Maybe Gov. Chris Christie's much ballyhooed "Jersey Comeback" claim has some merit.

Tim Larsen, Governor's Office

The man many consider to be the top economist in the Garden State is offering some evidence that the comeback might be real or at least the state is trending that way.

"In 2012, New Jersey ranked 8th among the 50 states in terms of absolute private-sector job growth," says James Hughes, the dean at the Rutgers Bloustein School. "Only New York, which ranked 5th was ahead of us in the northeast. We are way ahead of Massachusetts, Pennsylvania (and) Connecticut."

The Garden State sputtered out of the post-recession gate in 2010 says Hughes, but the state has turned thing around.

"Ever since that very slow start in 2010, each year we've gained further momentum and job growth has gotten better each year," explains Hughes. "2012 really started a positive trajectory for the state economy."

The slow start in 2010 can be blamed on the deep downturn the state experienced during the recession according to Hughes.
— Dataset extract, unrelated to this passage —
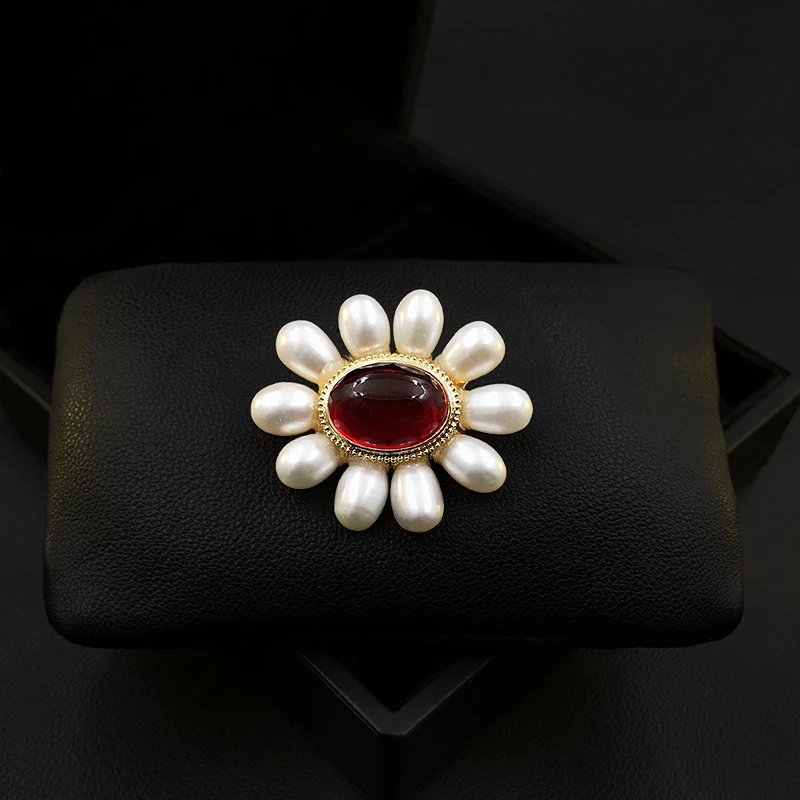 1875 ZY Luxury Handmade Baroque Pearl Brooch Elegant Retro Oval Corsage New Chinese Style Neckline Pin Accessories Women Jewelry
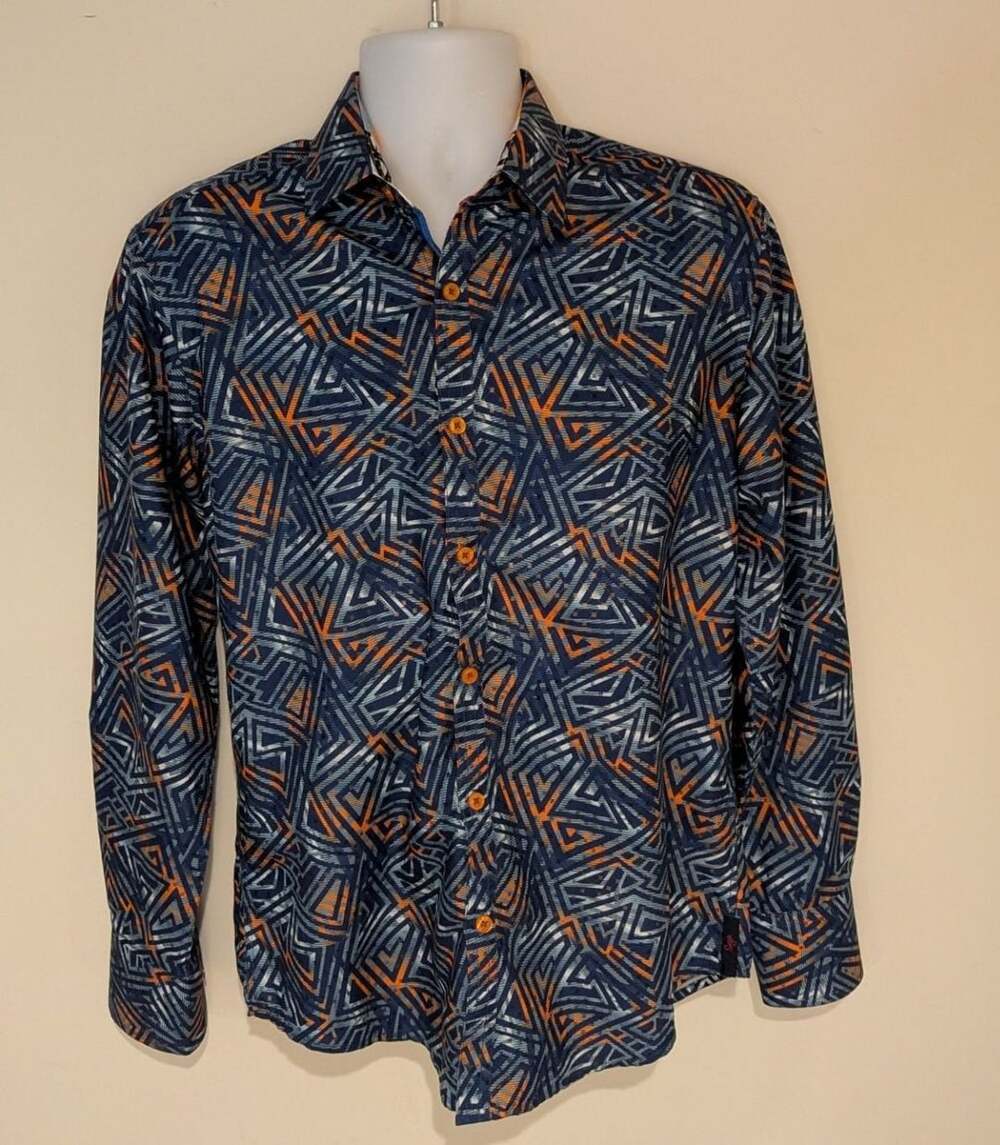 Sugar Men's Long Sleeve Geometric Print Dress Shirt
He thinks business confidence was at a low particularly in regard to a lot of the policies that had been formulated in the 2002-2009 era.

"We seem to be on the same pace as 2012 so, as it stands now we probably have one of the better outlooks we've had over the past 12 or 13 years," says Hughes.

Democrats say things are not so rosy. They're also tired of being called "Corzine Democrats" by Christie. The Governor and several Republican lawmakers have lately taken to using that label to tie Democrats to the unpopular former Governor Jon Corzine. State Senator Barbara Buono, the Democratic challenger to Christie this year is also challenging the Governor's record.

"To hear Governor Christie tell it, everything in New Jersey's going just fine," says Buono in her first TV ad. "Well I see another New Jersey, with 400,000 unemployed - one of the worst jobless rates in the country. Working and middle class families have seen costs soar - from property taxes to college tuition."